__What this task involves__. Images aside, the whole listing should be written out word for word.

__Source material__.
+++++

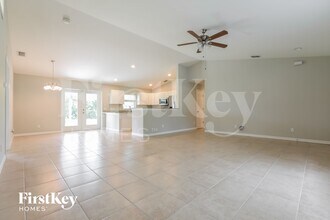 11940 Helicon Ave in Port Charlotte, FL - Building Photo - Building Photo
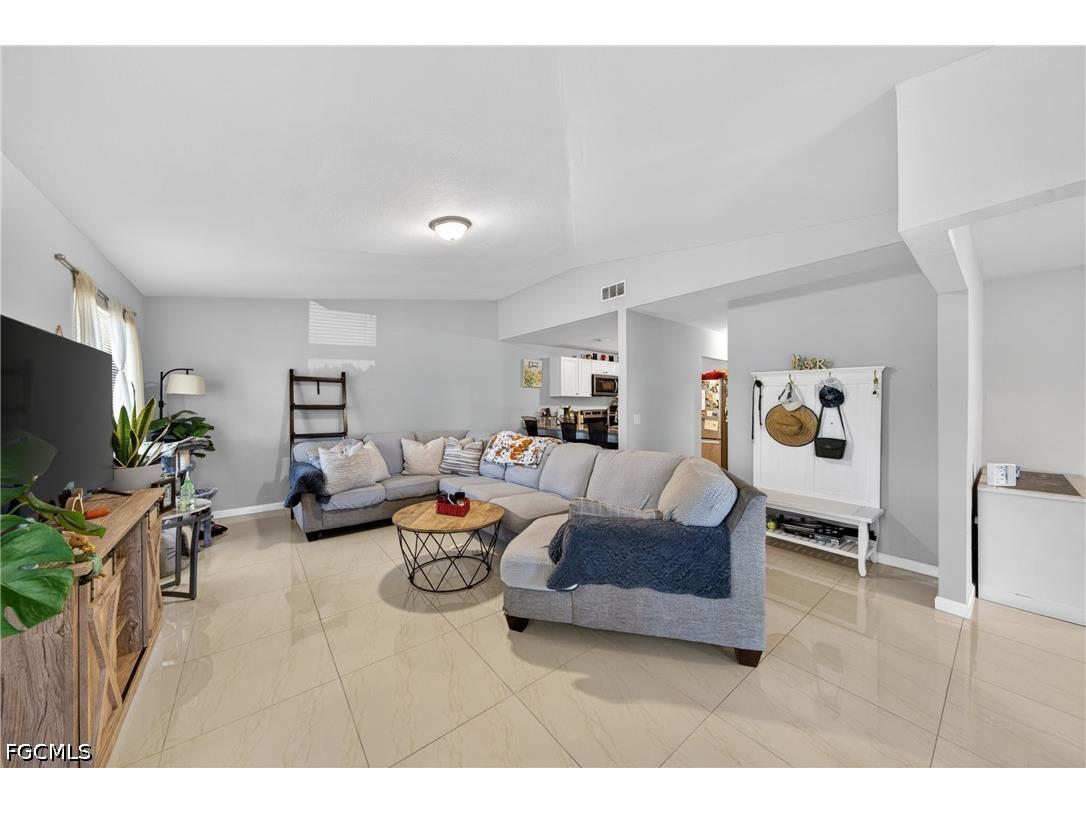 17318 Timber Oak Lane Fort Myers FL 33908 2026020756 image5
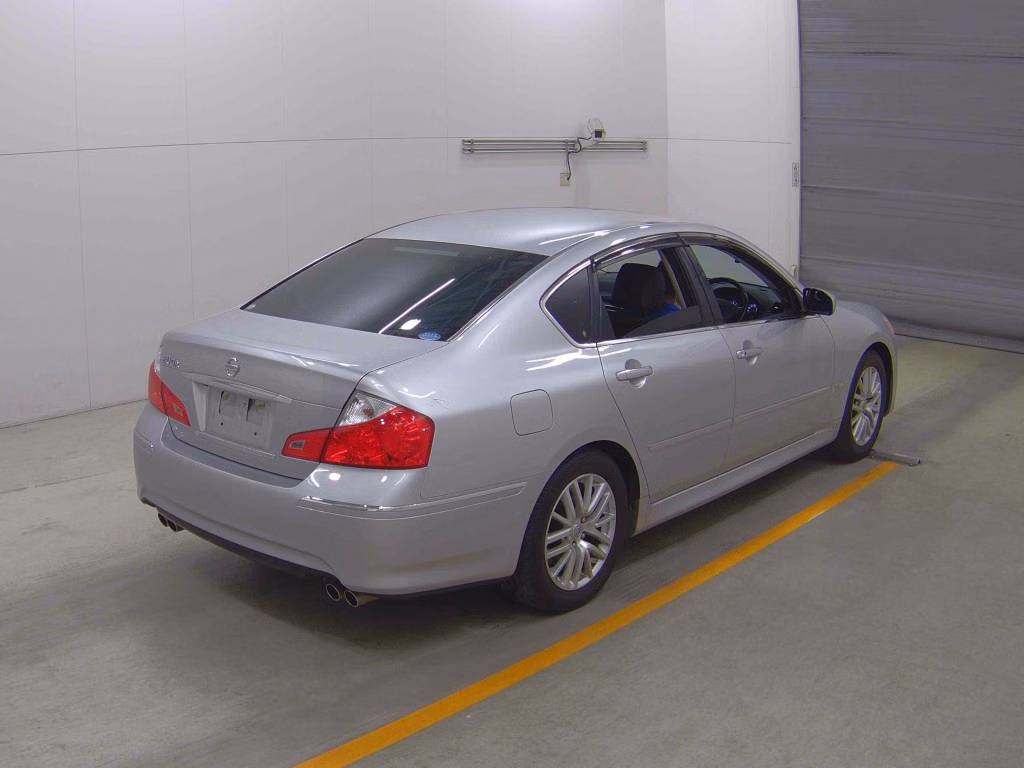 NISSAN FUGA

+++++

__Expected answer__.
 11940 Helicon Ave in Port Charlotte, FL - Building Photo - Building Photo
 17318 Timber Oak Lane Fort Myers FL 33908 2026020756 image5
 NISSAN FUGA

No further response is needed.